→ WORK TO COMPLETE
Please copy the lines below, exactly as they are, from the one with "bathroom with hardwood" through the one with "Kaeden Hutchens stands", and leave out the pictures.

→ DATA FOR THE TASK

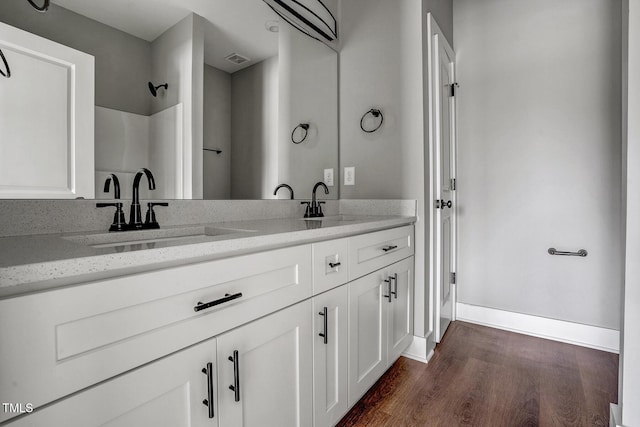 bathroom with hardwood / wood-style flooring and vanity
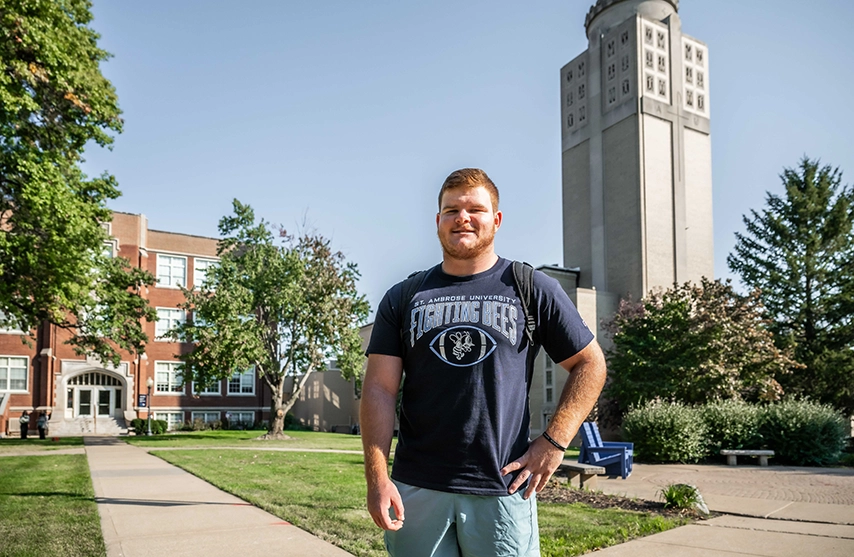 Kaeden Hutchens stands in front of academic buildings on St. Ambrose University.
==
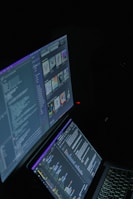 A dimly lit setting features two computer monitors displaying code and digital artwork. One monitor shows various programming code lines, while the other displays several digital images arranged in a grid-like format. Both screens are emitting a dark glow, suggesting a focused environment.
...
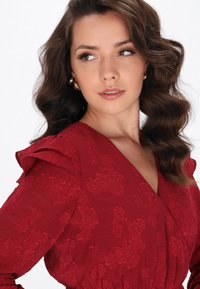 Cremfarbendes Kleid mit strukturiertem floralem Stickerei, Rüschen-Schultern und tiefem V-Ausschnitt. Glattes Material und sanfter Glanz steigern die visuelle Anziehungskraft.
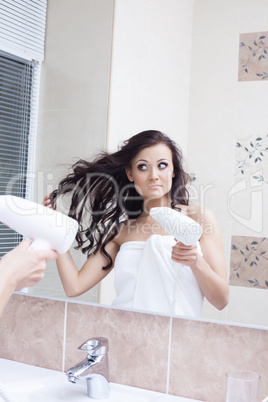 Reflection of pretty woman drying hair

→ ANSWER SECTION
 bathroom with hardwood / wood-style flooring and vanity
 Kaeden Hutchens stands in front of academic buildings on St. Ambrose University.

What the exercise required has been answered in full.